▸ **What to do**
Everything from the line containing "28°ICE 2023SUOリング ボタン付き" through the last line of the records below should be printed exactly, please, and nothing else.

** Records for this exercise follows **

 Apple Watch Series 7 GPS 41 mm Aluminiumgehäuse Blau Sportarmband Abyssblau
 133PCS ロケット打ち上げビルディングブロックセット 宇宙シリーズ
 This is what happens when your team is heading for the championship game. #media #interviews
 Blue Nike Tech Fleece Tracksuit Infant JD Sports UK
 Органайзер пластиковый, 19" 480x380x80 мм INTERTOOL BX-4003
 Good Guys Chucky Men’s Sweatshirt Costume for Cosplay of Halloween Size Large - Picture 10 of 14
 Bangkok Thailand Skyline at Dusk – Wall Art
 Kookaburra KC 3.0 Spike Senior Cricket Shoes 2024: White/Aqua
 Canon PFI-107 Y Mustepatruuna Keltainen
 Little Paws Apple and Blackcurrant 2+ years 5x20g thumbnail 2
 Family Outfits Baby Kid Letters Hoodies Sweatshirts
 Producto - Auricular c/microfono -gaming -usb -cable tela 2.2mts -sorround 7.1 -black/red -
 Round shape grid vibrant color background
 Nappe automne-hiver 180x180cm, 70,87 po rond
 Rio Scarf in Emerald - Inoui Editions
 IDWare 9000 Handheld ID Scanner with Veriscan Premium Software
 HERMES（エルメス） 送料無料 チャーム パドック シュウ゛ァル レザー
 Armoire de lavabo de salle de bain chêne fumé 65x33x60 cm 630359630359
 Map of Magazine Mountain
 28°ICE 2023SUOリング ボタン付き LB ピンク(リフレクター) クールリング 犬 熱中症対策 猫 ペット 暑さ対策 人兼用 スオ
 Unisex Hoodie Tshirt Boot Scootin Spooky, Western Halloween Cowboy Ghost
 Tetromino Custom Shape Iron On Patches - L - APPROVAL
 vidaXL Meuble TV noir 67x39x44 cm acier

** End of Records for this exercise **

▸ **Exercise output**
 28°ICE 2023SUOリング ボタン付き LB ピンク(リフレクター) クールリング 犬 熱中症対策 猫 ペット 暑さ対策 人兼用 スオ
 Unisex Hoodie Tshirt Boot Scootin Spooky, Western Halloween Cowboy Ghost
 Tetromino Custom Shape Iron On Patches - L - APPROVAL
 vidaXL Meuble TV noir 67x39x44 cm acier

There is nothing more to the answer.